From Texas to Florida, environmental justice communities and Tribal leadership are working together to demand a meeting with the U.S. Army Corps of Engineers about the permits they fast-track for the fossil fuel industry in our communities and on Tribal lands. In December, our partnership called Defend the Gulf mobilized to hand deliver and mail letters to Army Corps offices throughout the Gulf coast: Corpus Christi, Galveston, Port Arthur, Houston, Freeport, New Orleans, and additionally D.C. The demands in our letter are clear: the Army Corps should meet the most impacted Tribal leadership and residents and tour our communities. The Army Corps should have to answer to us directly and see the flare stacks, smog, and endangered wetlands for themselves.

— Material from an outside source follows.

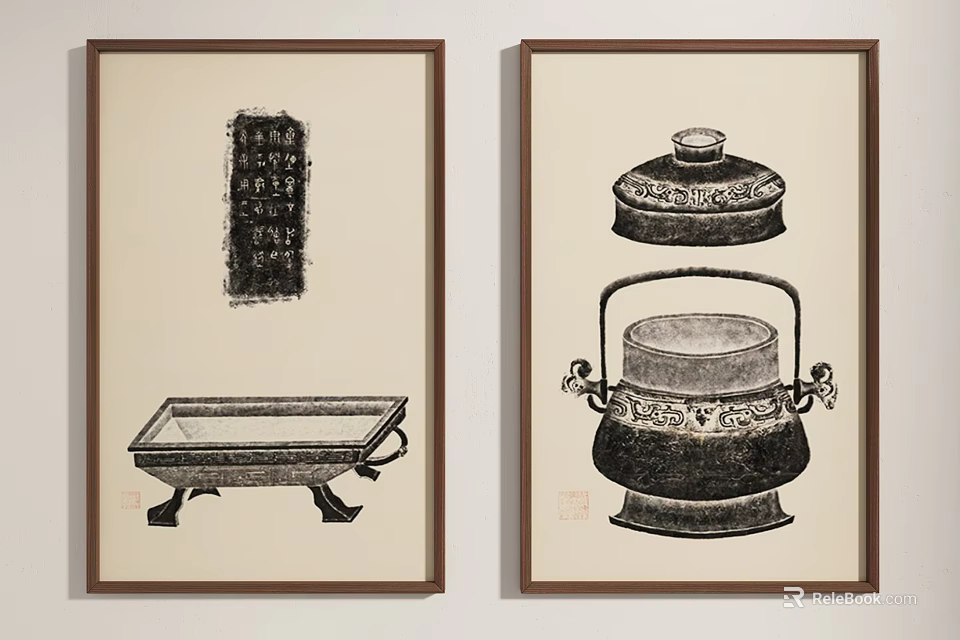 Two Panel Traditional Artwork Paintings Featuring Antique Vessels And Calligraphy 3d model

Thus far, the resounding silence from the Army Corps has been beyond disappointing. We have not received any meeting commitment or official response from the Army Corps. Defend the Gulf also mailed the letter to several Army Corps officials such as Brig Gen Christopher, Command Sergeant Major Toussaint, Major General Richard Heitkamp, and Major General Diana Holland. These envelopes were mailed back to us with markings: returned, opened, and checked by “Senate Post Office,” without explaining why they were returned. One official claimed they had not received our letter, and another said they didn’t have a way to follow-up.  It’s obvious the Army Corps officials are going through a list of excuses to avoid our demands.

For far too long, the Army Corps has acted as a shadowy tower of closed-door decision-making.

And we’re p*ssed-off. At this point, it is essentially routine for the Army Corps to issue a short-term comment period and give our communities the same broken promise that they will evaluate our online comments and claim to reach a fair decision. And every single time, the Army Corps issues a permit for billion-dollar companies with track records of dumping toxins into Black, Indigenous, and communities of color throughout the Gulf. We know that these federal permitting processes are rigged for the fossil fuel industry. At this moment, the Army Corps is weighing major permit decisions that would have severe disastrous consequences across the Gulf region–from the MODA oil export terminal in Corpus Christi to the expansion of SpaceX in Brownsville. More than twenty pending oil & gas projects across the Gulf Coast region are awaiting permits from the Army Corps.

So what’s next? 

Over 5,000 people have demanded a response from the Army Corps by signing our letter, but our request for public participation is not recent. For years, community members have sent comments requesting public hearings in the Gulf region for these permit applications – and they have never responded. Now, we need everyone to speak out in a bigger way. Take action today to help us reach 10,000 signatures, and be sure to share a tweet or Facebook post from our toolkit.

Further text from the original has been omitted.